Once back in New York, I ran the NYC Marathon to raise thousands of dollars for the eye camps. But this was not enough. I started a yoga and meditation accessories and lifestyle line called AshramChic, teaching the sacred lessons to urbanites like me through fashion. A portion of all proceeds from AshramChic go to support the ThirdEyeVision Foundation.
We also advocated the first Rotary Club to be chartered and in the spring of 2010, the Saumya Kashi Rotary Club of Uttarkashi became official. This venture proved to be extremely valuable this past summer when a devastating and fatal flood roared through the region allowing Rotary Delhi and Rotary Dehradhun to provide lifesaving supplies and assistance.
This past fall, we returned to India for the forth time and our largest mission to date. Our team consisted of three optometrists, one ophthalmologist and additional support staff, who traveled from all over the world. Our goal was to utilize the new clinical building and surgical theater, as well as train the local staff on standardized international primary eye care. Patients traveled many kilometers by foot, and eagerly awaited hours in line for their very first eye exam. It amazes me how much the clinic has grown from the first time I went there five years ago.
Currently, ThirdEyeVision is working on training staff and providing automized equipment to make the clinic sustainable all year round.
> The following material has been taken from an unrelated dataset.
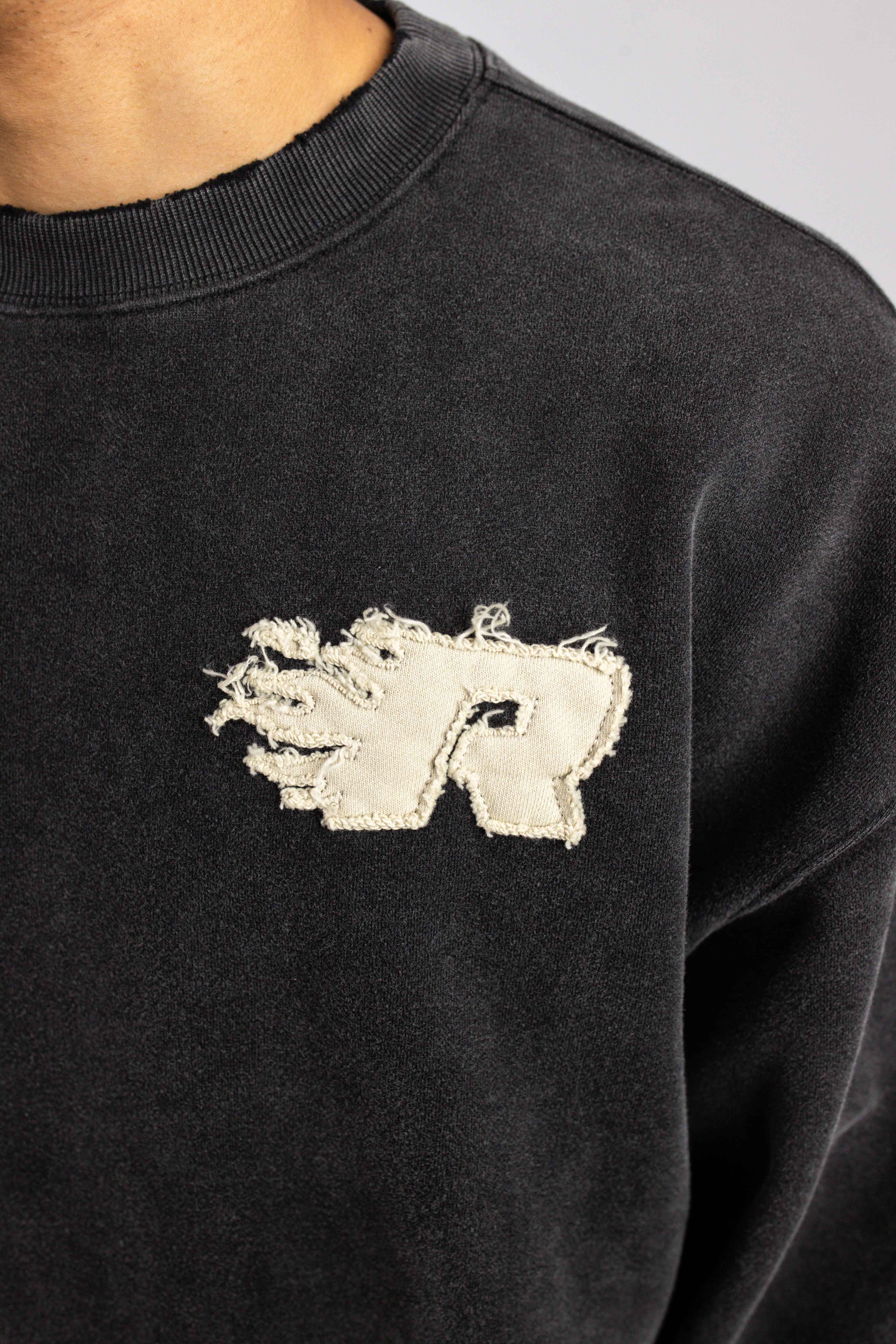 SCRIPT WASHED SWEATER BLACK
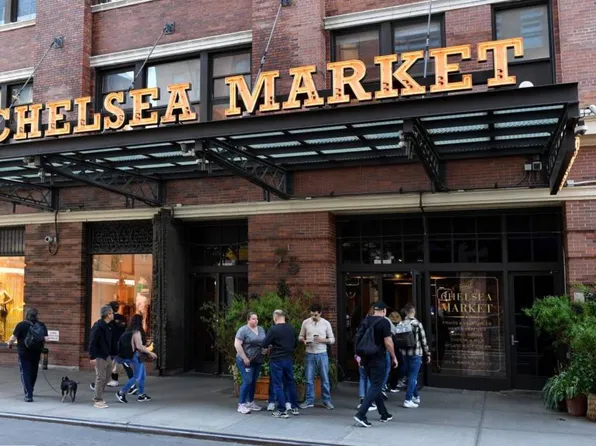 319 West 18th Street image 13 of 18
I recently opened my own practice "ThirdEyeChic Optometry" in Battery Park City, NY, on the ground floor of the Goldman Sachs building. I am now an advanced certified yoga and meditation practitioner and receive endless pleasure utilizing this knowledge to advise my patients on simple stress reduction techniques through; proper breathing, diet, exercise, relaxation, meditation and positive thinking. New Yorkers are open and eager to learn. However, many are too busy to dedicate 2 hours a day to a yoga mat, let alone spend months in an ashram. By blending my worlds of yoga, optometry, service and fashion, I've created a life that fulfills me in many ways I never dreamed possible.
So in the end, it was never the career that needed to change, it was me.